Wednesday, February 2, 2011

Notes On the Tunisian and Egyptian Revolutions

First he emptied the prisons. Then Hosni Mubarak sent in his paid thugs. The sclerotic and violent coward who has ruled Egypt with an iron fist for three decades will not exit gracefully. He vowed to "die in this land." From his lips to God's ear.

Mubarak wants to turn Tahrir Square (Freedom Square) into Tiananmen Square. Perhaps he fancies himself a Deng Xiaoping or a Li Peng. There are, no doubt, many powerful people around the world--from Washington to Riyadh, from Jerusalem to Beijing, from Teheran to Moscow, from Baghdad to Kabul--who are hoping against hope that the Egyptian Revolution will fail.

But the Egyptian Revolution will not fail. It cannot fail. There is far too much at stake for it to fail.

Besides, what we are seeing in Tahrir Square is the real Egypt. Anyone who knows Egyptians personally and who has been to Egypt recognizes that what has been happening over the past week is not the madness of crowds (as Mubarak and even some compliant Western media outlets would like to see it portrayed). It is the genius of collective action. It is the genius of the mass when it has been roused to claim its birthright of freedom.

And not only is this the real Egypt, but it is the real Saudi Arabia. The real Iraq and Afghanistan. The real Algeria and Libya, Morocco and Indonesia. It is the real People's Republic of China, the real Pakistan, and it could be the real United States if the people of these States were to awaken from the dream of Self and begin to reach out to one another.

But we are a timid people, raised on the culture of fear. Our Liberalism comforts us, even as it helps to inure us to our present condition as the slavish ennablers of the National Security State. As that great revolutionary and proto-Romantic J.J. Rousseau taught us so long ago: Men are born free, but they are everywhere in chains.

Everywhere.

But this need not be the final word. We can combat our fears. We can overcome them. Look to Tunisia. Look to Egypt. Be not afraid.

Where is Al-Qaeda in all of this? Do you see it in Tahrir Square? Of course not. You cannot see a fiction. Al-Qaeda is a brand name, a convenient label cooked up in the craven and fevered imaginations of neo-fascistic neo-cons in order to play upon the worst (and let us be candid) racist suspicions of white Americans. It is a label applied indiscriminately by politicians (who should know better) and journalists (who should also know better) to resistance movements when, on their fringes, they turn violent.

But we don't have to listen to the Reverend Jim Jones anymore. We don't have to drink the Kool-Aid. This is not the Christian dystopia of the People's Temple on its misguided errand in the jungles of Guyana.

We are free people, and courageous, if we will to be.

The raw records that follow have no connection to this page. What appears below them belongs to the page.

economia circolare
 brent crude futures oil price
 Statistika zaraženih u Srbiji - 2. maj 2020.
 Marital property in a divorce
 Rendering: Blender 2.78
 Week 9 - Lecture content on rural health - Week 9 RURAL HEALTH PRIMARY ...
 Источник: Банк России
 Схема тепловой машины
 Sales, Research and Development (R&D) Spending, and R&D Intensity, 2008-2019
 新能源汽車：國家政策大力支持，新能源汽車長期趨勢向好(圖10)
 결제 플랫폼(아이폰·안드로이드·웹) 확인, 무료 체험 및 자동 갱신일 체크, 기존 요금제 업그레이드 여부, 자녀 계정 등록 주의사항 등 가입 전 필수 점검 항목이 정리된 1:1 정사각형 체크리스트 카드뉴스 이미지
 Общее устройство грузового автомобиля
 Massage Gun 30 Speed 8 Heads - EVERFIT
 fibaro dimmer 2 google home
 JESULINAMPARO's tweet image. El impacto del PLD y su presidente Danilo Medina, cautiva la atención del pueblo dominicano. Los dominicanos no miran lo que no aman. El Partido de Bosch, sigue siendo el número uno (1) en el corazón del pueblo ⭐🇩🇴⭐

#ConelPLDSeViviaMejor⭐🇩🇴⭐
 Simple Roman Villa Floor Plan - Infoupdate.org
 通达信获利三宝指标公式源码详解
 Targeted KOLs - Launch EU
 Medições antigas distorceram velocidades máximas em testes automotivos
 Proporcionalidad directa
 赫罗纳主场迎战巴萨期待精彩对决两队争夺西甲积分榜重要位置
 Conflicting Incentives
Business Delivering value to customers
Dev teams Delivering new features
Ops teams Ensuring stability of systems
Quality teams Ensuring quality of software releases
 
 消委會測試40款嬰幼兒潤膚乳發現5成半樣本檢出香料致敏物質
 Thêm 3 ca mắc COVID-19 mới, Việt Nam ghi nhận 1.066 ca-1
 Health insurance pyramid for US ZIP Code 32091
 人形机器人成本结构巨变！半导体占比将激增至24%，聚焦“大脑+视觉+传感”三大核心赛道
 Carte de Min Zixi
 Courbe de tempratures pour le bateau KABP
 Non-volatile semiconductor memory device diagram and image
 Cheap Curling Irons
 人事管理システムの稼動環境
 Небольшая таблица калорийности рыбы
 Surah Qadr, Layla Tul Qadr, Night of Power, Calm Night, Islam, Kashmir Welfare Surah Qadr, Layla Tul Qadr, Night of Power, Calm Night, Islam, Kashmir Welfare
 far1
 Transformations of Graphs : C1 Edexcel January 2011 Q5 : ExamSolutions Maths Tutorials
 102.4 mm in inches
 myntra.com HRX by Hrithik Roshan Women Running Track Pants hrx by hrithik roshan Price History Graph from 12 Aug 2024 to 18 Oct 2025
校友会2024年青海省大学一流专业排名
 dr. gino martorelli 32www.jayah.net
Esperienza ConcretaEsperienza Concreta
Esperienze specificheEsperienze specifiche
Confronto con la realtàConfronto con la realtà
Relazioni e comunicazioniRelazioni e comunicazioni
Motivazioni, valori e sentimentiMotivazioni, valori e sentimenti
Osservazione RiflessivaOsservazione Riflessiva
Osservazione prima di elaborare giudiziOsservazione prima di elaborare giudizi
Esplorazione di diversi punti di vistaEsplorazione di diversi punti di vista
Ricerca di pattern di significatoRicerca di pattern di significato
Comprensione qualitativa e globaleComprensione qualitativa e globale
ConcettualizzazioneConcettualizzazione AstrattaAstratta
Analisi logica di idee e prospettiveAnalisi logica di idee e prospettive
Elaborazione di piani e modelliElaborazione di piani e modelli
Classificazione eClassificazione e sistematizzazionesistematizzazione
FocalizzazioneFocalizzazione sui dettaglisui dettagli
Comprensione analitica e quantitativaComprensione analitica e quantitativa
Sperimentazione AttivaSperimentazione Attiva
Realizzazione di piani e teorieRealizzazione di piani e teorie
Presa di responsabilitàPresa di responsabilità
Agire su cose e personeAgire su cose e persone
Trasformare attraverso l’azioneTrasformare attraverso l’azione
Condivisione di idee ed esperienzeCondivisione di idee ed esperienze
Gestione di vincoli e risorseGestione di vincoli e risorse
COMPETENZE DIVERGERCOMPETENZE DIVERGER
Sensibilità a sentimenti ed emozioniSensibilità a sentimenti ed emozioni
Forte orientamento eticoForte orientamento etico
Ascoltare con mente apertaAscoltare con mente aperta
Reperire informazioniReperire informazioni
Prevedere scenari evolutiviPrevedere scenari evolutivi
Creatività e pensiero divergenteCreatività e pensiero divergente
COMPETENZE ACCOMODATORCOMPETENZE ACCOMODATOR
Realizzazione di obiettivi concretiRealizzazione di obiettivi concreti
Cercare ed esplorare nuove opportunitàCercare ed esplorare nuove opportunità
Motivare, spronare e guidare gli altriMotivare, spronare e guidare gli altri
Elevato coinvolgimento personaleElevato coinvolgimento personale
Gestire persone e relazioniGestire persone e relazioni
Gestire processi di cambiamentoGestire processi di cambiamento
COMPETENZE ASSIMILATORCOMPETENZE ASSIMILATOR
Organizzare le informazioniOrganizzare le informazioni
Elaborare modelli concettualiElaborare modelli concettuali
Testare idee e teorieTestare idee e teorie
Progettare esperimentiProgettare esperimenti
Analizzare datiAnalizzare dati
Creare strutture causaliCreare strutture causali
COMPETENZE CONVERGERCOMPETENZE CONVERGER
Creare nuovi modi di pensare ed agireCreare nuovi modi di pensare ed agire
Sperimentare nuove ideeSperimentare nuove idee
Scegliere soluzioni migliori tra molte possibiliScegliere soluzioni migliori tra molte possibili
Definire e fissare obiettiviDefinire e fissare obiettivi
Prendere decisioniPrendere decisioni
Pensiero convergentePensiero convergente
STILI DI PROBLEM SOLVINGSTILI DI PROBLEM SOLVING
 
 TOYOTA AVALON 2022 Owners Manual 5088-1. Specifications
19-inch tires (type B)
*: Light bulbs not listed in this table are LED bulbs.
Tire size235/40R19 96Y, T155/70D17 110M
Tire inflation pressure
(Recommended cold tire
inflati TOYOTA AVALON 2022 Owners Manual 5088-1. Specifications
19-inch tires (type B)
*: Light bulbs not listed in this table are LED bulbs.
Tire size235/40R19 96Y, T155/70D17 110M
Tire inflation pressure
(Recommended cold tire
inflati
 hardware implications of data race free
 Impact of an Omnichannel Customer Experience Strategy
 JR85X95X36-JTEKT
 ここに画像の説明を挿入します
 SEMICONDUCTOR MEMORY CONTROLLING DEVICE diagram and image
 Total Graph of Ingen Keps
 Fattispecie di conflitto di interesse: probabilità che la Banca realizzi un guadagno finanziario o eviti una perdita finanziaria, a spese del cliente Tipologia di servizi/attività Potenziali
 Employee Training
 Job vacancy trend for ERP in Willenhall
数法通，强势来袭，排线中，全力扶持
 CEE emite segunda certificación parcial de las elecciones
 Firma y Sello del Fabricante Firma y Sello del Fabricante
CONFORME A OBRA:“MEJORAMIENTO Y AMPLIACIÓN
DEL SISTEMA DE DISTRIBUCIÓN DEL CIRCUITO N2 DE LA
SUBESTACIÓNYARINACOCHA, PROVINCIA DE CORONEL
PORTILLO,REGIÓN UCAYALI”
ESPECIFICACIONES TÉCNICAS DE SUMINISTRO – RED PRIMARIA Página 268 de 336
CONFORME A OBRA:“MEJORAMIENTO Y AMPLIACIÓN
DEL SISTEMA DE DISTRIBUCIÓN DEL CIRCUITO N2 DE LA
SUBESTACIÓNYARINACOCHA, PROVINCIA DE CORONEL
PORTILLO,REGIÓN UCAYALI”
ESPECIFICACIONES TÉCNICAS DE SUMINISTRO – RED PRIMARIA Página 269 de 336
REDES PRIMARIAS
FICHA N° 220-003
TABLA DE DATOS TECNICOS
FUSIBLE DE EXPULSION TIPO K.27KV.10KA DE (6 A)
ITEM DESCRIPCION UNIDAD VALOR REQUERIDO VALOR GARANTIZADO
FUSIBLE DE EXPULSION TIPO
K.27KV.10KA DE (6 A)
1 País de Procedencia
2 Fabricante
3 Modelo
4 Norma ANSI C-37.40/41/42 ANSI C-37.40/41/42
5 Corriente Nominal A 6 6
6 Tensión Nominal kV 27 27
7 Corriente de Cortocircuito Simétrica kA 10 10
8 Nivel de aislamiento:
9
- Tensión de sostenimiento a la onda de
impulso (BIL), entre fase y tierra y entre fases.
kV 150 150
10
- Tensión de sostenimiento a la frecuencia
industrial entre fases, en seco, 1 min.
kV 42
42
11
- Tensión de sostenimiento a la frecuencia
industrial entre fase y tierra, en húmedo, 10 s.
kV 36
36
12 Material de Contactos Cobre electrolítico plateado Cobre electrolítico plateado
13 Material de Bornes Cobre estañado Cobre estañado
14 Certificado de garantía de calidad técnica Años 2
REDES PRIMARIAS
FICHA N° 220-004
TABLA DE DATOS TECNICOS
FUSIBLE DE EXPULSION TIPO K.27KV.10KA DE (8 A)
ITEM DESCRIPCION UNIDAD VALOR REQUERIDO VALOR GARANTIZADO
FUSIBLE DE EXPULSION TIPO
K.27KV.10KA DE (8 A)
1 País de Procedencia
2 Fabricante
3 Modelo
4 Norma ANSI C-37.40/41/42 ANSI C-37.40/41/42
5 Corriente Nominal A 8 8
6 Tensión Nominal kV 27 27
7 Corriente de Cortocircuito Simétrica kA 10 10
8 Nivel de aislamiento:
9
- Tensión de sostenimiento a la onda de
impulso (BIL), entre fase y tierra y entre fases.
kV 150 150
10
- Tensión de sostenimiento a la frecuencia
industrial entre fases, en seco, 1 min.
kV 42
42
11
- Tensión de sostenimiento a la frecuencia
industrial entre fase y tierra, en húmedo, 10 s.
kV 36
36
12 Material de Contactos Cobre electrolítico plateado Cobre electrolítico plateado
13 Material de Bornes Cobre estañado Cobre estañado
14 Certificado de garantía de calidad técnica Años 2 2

Let us stand, then, in solidarity with all of free humanity as we see it displayed in Tunis and Cairo, Alexandria and Amman, Sudan and the Yemen.

Ever mindful of Tiananmen Square, let us build our own Tahrir Squares--in these States and every other. Let us demand the end of the U.S. occupation of Iraq and Afghanistan--and that includes an end to the U.S.-installed puppet regimes in those countries.

Let us demand an end to the Israeli occupation of Palestinian territory.

Let us reclaim Jerusalem as a city sacred to all the children of Abraham--and to anyone else who wishes to see it that way.

Indeed, let us all be children of another Abraham, the one who stood on a battlefield in Pennsylvania and rededicated his countrymen to a "new birth of freedom." These are words we memorize in school and hallow in memory but live up to only imperfectly.

Such is life.

Let us not dwell upon our failures now for this is not a time of failure. The revolutions in Tunisia and Egypt are succeeding. There will be set-backs, but there can be no turning back. For once freedom has been tasted, the die is cast, and there is no turning back.

All hail the brave and beautiful peoples of Egypt and Tunisia! Let us rise up and become the brave and beautiful peoples that we ourselves were born to be!